### What you will do
Your answer must be the lines of the entries below, exactly as written, from the first line through the line containing "Bell Street 2 Bedroom Flat B London".
### Records to use
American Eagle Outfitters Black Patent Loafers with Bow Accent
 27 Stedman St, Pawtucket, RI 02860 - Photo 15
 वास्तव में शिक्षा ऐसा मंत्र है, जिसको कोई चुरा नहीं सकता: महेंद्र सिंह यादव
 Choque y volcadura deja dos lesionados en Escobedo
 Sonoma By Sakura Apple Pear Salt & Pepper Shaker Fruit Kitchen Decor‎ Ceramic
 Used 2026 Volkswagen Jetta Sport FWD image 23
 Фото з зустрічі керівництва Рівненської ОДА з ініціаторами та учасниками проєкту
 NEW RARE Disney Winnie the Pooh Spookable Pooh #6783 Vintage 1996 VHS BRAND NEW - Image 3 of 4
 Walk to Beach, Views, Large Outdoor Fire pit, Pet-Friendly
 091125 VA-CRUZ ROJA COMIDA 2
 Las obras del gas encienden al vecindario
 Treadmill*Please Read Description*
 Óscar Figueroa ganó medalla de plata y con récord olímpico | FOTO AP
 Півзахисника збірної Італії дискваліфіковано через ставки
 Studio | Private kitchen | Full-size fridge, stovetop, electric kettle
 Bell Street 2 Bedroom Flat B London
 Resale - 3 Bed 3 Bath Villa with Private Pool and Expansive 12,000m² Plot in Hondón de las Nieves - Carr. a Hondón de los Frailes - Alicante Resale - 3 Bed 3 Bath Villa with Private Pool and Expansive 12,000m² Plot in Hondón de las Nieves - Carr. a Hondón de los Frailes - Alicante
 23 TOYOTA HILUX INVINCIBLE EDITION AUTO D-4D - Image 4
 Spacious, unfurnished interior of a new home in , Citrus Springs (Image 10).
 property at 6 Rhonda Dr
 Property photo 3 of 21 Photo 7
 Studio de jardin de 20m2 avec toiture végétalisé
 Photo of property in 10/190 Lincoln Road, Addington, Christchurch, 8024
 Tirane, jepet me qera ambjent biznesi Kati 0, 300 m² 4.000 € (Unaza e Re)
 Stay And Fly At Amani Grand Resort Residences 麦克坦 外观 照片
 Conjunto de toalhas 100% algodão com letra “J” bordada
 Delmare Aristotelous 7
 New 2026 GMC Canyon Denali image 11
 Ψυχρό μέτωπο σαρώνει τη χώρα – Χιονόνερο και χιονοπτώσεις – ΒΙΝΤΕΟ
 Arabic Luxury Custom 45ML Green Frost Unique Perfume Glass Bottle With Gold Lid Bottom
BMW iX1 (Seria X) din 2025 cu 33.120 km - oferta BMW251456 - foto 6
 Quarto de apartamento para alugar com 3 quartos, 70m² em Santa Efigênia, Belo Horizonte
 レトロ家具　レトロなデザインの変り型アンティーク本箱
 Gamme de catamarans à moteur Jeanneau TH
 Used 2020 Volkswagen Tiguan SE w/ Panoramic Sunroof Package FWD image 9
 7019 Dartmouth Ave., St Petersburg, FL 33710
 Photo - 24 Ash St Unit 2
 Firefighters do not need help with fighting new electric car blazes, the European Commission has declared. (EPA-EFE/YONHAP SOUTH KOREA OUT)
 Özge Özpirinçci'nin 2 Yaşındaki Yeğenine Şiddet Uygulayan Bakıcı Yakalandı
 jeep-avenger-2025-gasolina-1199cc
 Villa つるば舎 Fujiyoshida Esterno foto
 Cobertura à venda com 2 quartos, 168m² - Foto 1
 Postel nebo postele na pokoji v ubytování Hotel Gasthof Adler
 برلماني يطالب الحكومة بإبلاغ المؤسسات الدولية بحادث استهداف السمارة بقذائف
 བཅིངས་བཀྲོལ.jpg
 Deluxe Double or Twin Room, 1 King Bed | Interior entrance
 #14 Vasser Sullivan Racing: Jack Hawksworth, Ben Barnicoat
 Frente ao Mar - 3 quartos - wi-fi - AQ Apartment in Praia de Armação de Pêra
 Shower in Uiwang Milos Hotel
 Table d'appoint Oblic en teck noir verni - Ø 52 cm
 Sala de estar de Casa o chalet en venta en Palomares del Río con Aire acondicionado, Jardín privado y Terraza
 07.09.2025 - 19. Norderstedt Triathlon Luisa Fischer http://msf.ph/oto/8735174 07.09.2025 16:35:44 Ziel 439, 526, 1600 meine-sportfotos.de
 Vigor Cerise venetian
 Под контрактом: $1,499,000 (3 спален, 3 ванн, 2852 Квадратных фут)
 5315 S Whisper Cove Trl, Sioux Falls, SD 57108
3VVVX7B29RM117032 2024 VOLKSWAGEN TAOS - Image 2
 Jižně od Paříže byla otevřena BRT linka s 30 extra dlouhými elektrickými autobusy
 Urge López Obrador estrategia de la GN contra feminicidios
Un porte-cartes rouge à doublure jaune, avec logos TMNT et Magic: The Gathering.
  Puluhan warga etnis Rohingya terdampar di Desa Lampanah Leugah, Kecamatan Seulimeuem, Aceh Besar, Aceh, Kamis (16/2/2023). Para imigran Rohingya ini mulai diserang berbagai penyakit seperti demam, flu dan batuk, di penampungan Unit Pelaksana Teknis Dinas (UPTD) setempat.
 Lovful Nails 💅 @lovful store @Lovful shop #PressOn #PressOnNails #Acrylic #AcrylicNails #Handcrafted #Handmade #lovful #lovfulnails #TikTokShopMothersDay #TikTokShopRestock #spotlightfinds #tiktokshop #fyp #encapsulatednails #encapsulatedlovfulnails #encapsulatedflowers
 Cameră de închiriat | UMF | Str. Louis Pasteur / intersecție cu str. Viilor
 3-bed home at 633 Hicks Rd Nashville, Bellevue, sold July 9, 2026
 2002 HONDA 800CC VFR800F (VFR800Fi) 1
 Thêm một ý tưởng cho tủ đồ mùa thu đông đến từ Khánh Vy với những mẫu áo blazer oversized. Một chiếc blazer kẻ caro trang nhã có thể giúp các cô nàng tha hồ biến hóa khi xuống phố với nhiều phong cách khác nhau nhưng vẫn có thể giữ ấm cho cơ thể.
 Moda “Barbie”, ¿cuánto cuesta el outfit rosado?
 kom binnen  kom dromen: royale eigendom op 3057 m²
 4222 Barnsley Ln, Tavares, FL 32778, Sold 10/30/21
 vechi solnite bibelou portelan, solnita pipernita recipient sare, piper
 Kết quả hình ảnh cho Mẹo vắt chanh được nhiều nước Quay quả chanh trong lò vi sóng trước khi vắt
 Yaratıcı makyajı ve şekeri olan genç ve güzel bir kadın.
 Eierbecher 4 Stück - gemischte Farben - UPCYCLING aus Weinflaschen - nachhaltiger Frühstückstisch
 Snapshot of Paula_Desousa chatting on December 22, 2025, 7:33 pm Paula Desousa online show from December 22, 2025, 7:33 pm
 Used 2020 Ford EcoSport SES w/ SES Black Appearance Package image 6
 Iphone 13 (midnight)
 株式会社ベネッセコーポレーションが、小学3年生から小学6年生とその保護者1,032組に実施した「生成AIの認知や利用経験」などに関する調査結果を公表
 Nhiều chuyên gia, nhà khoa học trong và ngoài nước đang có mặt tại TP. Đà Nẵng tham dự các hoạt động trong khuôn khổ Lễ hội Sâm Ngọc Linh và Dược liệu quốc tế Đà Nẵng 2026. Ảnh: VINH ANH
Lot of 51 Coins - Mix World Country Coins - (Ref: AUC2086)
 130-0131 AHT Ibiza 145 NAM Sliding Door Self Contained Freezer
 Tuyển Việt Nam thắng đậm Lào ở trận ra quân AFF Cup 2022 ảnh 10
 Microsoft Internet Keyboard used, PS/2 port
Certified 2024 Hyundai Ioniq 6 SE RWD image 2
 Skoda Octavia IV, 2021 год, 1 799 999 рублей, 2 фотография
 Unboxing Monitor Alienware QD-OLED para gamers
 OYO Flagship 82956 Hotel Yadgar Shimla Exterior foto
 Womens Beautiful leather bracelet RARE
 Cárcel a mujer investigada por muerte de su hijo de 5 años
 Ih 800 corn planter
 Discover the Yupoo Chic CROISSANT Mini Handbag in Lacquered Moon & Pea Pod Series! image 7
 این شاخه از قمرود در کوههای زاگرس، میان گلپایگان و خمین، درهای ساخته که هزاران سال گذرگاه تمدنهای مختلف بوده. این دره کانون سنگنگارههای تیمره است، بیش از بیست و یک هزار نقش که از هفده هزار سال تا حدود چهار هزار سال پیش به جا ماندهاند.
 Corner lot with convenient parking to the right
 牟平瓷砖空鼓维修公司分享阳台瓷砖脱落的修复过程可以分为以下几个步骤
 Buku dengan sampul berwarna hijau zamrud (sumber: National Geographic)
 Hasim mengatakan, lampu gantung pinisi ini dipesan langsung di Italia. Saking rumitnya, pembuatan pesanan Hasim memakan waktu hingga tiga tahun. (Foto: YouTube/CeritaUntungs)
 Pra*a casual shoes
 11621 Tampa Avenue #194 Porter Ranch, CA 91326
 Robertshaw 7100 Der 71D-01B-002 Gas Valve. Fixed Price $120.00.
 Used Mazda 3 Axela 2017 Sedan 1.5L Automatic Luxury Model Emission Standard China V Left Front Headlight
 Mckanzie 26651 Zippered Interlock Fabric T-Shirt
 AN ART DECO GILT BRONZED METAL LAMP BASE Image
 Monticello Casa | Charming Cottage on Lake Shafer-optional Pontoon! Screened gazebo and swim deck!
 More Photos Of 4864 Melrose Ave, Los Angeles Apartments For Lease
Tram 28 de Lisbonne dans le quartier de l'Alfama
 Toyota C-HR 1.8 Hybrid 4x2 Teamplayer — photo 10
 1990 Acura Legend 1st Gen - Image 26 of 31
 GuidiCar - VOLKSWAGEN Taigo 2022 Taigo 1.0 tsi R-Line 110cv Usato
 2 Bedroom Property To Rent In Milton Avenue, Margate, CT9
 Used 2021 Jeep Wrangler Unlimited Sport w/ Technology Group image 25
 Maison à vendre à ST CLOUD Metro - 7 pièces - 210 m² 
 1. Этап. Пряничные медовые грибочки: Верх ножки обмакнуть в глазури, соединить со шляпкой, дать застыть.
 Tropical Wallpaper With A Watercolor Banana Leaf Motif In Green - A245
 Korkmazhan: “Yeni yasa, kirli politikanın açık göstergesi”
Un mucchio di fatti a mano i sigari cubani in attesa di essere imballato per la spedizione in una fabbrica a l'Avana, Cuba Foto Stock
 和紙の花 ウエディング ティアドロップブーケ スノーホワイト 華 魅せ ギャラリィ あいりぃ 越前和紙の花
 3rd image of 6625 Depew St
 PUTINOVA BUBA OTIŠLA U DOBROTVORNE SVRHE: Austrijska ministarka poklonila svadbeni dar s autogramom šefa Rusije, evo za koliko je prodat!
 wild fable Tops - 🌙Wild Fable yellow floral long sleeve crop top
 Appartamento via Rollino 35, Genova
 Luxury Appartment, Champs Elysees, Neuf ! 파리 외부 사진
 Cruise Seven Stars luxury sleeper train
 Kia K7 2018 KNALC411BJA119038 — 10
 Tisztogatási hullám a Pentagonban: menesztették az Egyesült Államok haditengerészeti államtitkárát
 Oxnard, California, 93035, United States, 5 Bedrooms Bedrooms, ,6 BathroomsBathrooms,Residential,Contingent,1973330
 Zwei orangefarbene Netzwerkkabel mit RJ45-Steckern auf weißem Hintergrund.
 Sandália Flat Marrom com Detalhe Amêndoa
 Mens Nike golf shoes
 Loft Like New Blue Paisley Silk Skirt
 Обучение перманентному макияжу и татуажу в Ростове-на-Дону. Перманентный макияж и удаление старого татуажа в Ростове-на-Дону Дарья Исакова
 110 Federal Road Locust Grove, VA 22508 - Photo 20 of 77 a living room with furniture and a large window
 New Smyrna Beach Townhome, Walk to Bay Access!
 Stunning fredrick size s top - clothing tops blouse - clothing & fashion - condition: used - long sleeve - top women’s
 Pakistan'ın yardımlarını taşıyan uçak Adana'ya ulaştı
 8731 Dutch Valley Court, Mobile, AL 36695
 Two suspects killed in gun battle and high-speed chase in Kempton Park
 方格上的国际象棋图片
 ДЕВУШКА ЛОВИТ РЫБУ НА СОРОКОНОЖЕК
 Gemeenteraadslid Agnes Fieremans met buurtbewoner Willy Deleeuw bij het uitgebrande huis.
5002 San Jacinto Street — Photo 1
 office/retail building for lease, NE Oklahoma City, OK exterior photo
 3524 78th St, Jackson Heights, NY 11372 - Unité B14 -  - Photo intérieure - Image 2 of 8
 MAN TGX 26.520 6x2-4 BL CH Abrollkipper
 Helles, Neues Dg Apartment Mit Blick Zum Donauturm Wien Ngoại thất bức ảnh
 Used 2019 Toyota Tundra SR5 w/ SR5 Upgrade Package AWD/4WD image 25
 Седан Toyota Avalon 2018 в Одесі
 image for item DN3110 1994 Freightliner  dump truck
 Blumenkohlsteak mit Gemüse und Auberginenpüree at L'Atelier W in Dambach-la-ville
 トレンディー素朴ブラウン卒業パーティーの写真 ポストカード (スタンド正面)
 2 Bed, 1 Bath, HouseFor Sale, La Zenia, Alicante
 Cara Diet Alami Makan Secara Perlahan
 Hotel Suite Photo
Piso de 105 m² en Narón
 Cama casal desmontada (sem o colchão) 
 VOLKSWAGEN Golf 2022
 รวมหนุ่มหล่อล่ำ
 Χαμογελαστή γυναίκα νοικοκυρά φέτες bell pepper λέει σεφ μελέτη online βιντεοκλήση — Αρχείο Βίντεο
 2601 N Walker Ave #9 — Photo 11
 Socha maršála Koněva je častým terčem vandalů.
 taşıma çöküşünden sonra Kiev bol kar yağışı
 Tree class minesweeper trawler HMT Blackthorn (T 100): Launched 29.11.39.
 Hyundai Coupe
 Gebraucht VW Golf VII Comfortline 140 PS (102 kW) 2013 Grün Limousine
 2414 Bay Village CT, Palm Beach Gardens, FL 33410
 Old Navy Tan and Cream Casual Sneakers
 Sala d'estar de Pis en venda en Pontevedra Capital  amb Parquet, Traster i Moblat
######
### Problem solution
American Eagle Outfitters Black Patent Loafers with Bow Accent
 27 Stedman St, Pawtucket, RI 02860 - Photo 15
 वास्तव में शिक्षा ऐसा मंत्र है, जिसको कोई चुरा नहीं सकता: महेंद्र सिंह यादव
 Choque y volcadura deja dos lesionados en Escobedo
 Sonoma By Sakura Apple Pear Salt & Pepper Shaker Fruit Kitchen Decor‎ Ceramic
 Used 2026 Volkswagen Jetta Sport FWD image 23
 Фото з зустрічі керівництва Рівненської ОДА з ініціаторами та учасниками проєкту
 NEW RARE Disney Winnie the Pooh Spookable Pooh #6783 Vintage 1996 VHS BRAND NEW - Image 3 of 4
 Walk to Beach, Views, Large Outdoor Fire pit, Pet-Friendly
 091125 VA-CRUZ ROJA COMIDA 2
 Las obras del gas encienden al vecindario
 Treadmill*Please Read Description*
 Óscar Figueroa ganó medalla de plata y con récord olímpico | FOTO AP
 Півзахисника збірної Італії дискваліфіковано через ставки
 Studio | Private kitchen | Full-size fridge, stovetop, electric kettle
 Bell Street 2 Bedroom Flat B London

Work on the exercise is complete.